ORTEGA-WELCH: How good is the air quality in the Bay Area when it's not fire season?
SOLOMON: The air quality in the Bay Area depends quite a bit on where you live. There are communities in the Bay Area that have real challenges with air quality and other communities where the air quality is just great. And so we need to think about that. And we need to think about it not only at a broad general county level, but down to a block-by-block level. Because what we've found is in places like West Oakland, for example, you can see hotspots that are just a few blocks with big disparities because of local pollution sources.
It's not happy news to think that being a Californian is potentially going to impact me later in my life. How do you feel about the fact that we could be right back here next October, talking about bad air quality again from the fires?

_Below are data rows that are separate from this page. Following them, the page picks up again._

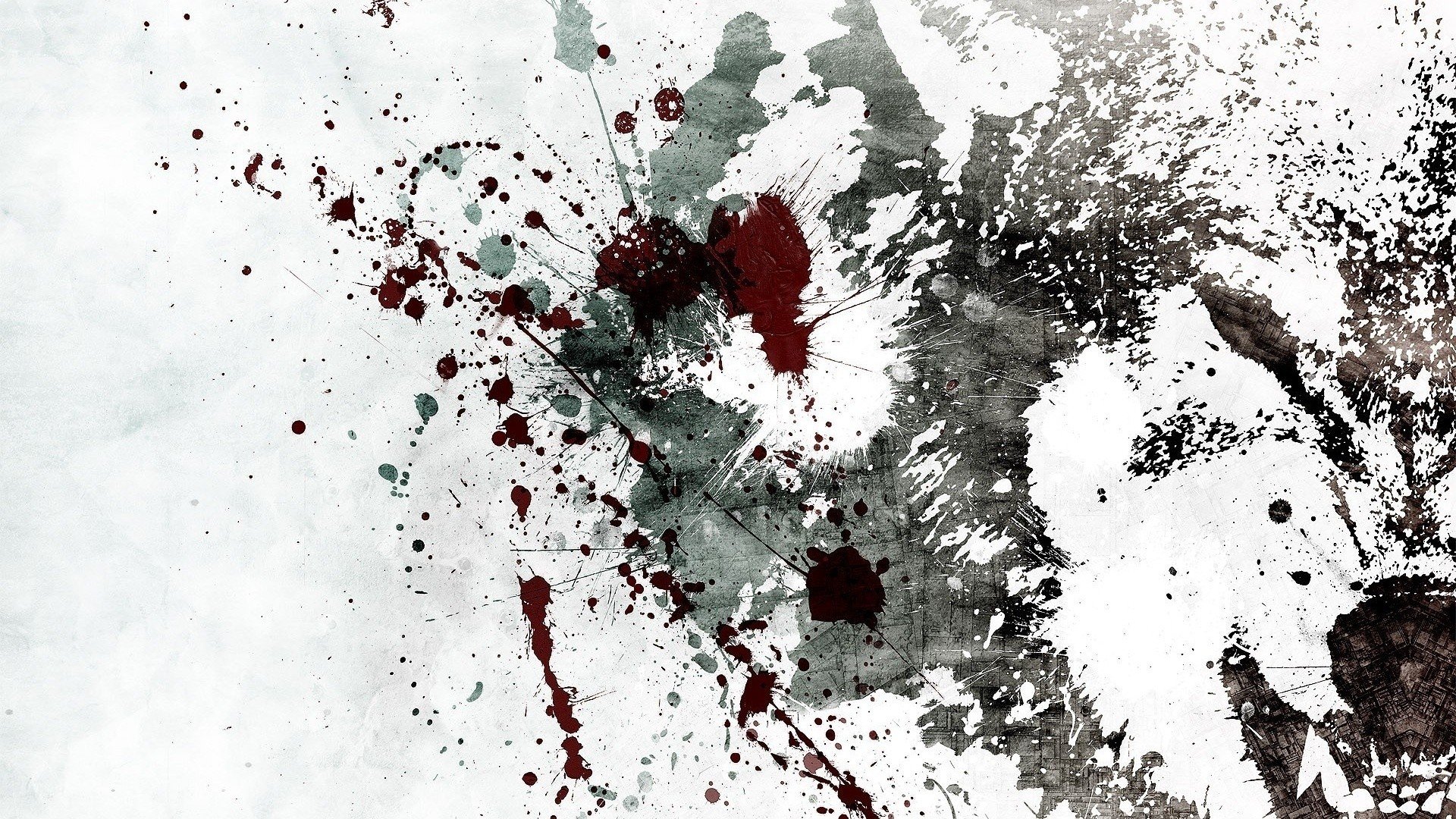 abstract, Monochrome, White, Background, Alex, Cherry, Wolves Wallpaper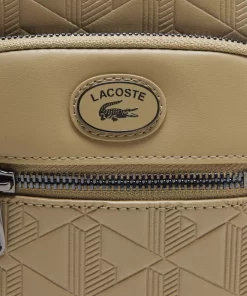 Lacoste Vertical Bags-Embossed Monogram Small Crossover Bag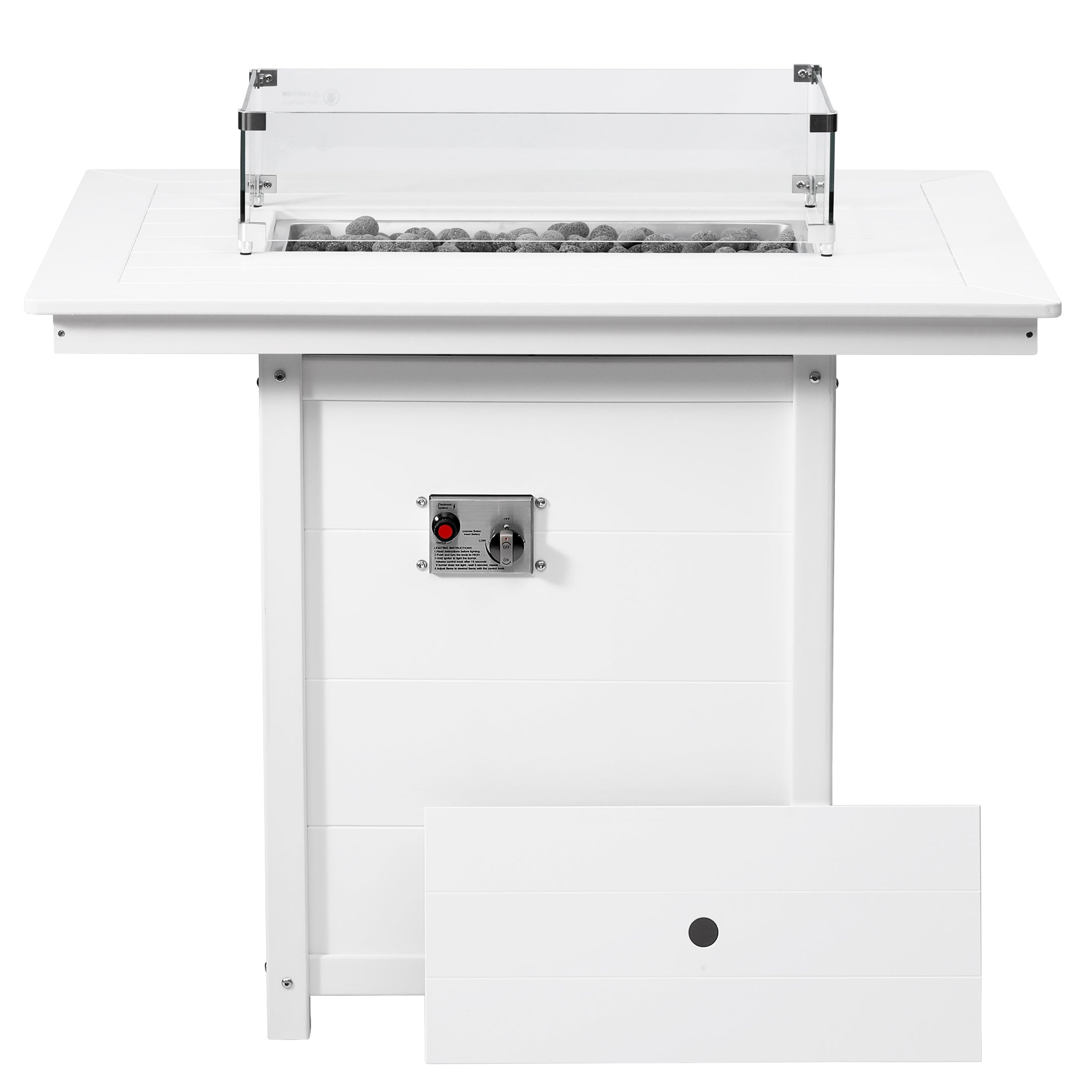 Sedona Rectangular 34" X 46" Counter Fire Pit Table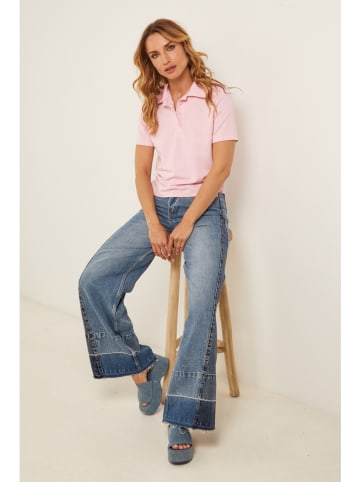 Joséfine Poloshirt "Ermine" lichtroze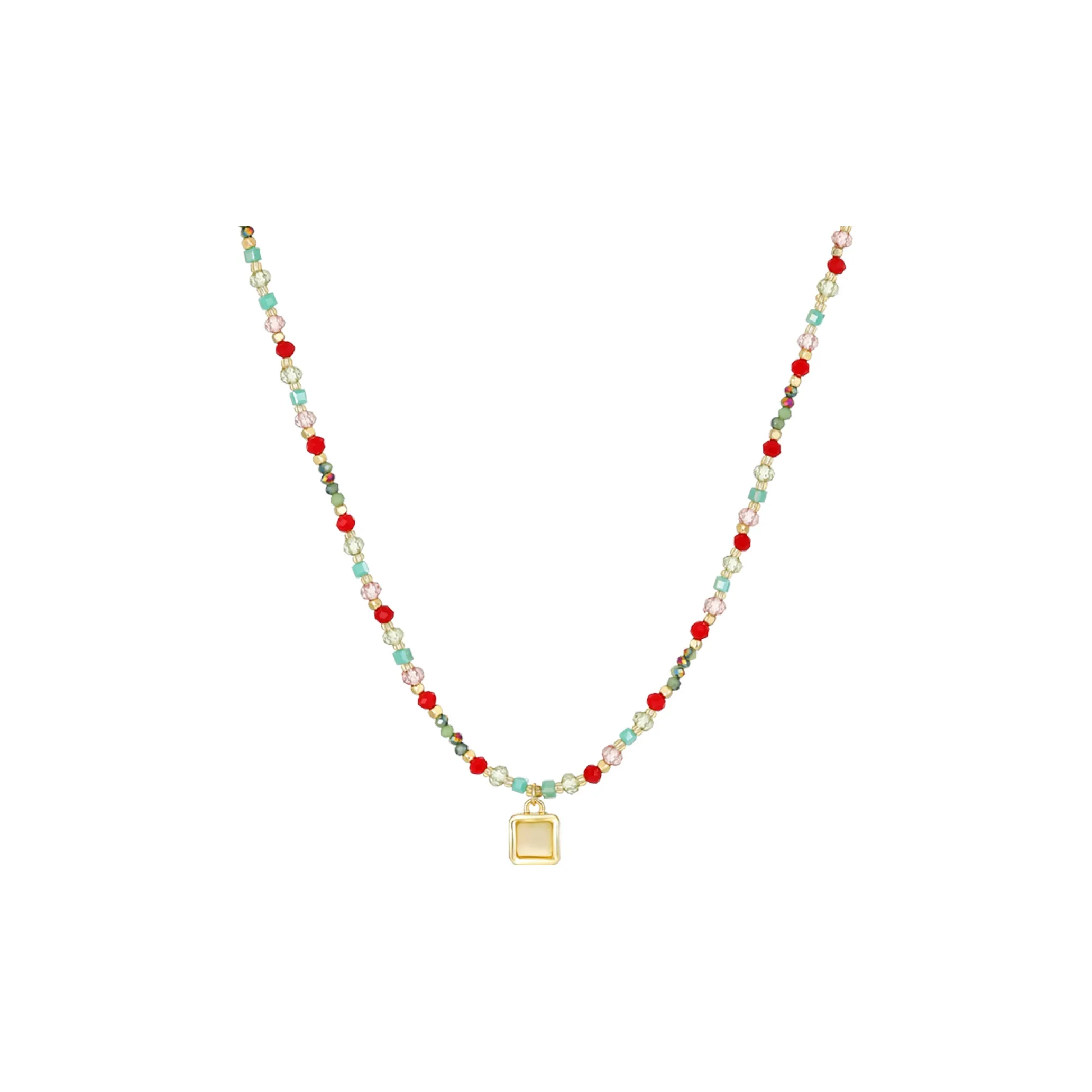 MISS XIA JWY Серебряное покрытие медные ожерелья женские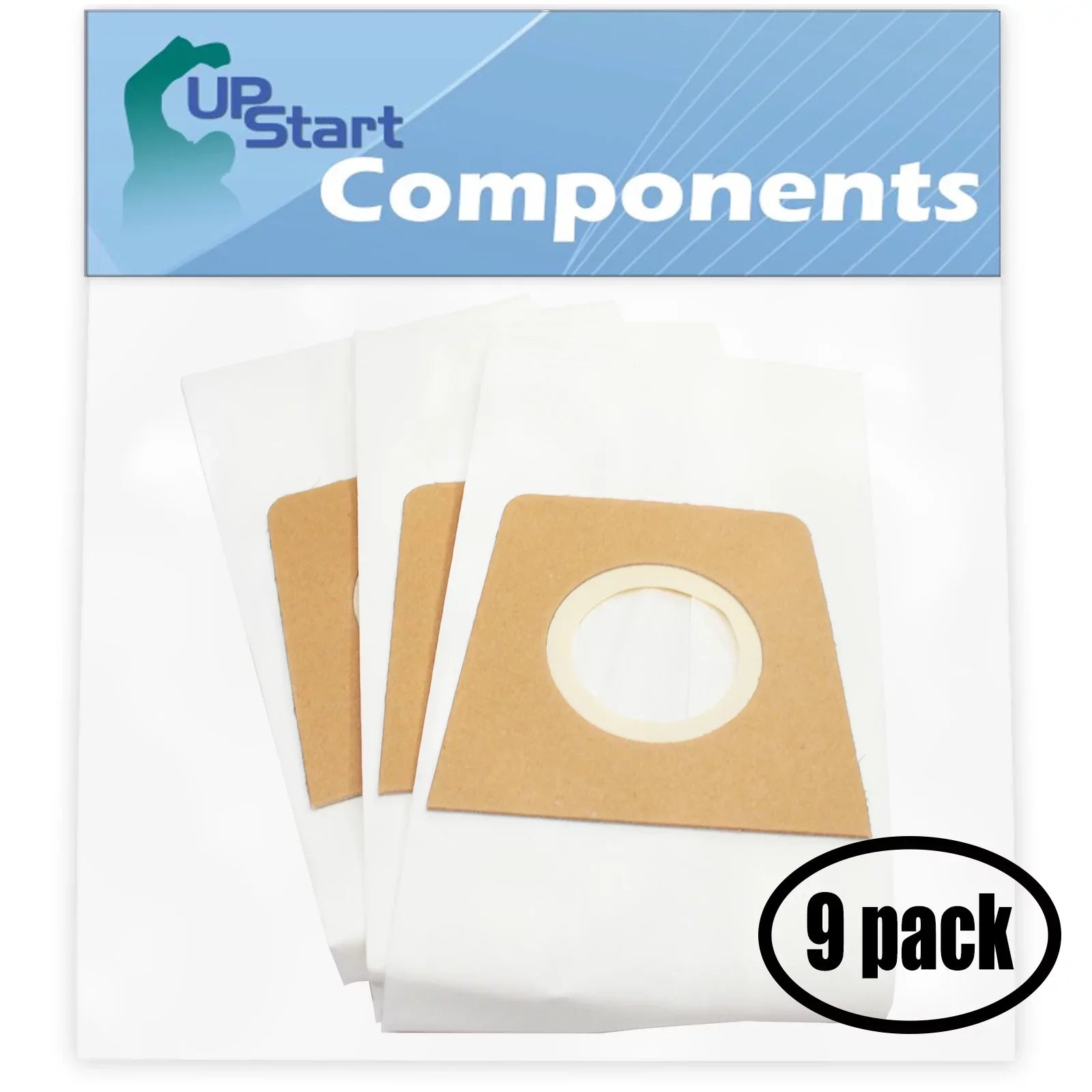 27 Replacement for Dirt Devil Featherlite Bagged Upright (Light Green) M085580 Vacuum Bags - Fitting with Dirt Devil 3920047001, 3920048001, Type U Vacuum Bags (9 Pack - 3 Vacuum Bags per Pack)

Unfortunately, climate change is not just hitting California. So we may be dealing with the fires right now. And there are a lot of people who I hear about who are trying to leave California, but there's nowhere to run to. Climate change is global. Climate change is going to affect people wherever they live. It's going to hit in one form or another. Right now, you know, in the southern US they're staring down a hurricane that is coming right at them. We are dealing with the situation where we have to pull through this together and get our act together to address climate change, and also do what we can to make wherever it is that we live, more resilient and more habitable. And some of that happens just right in our own homes.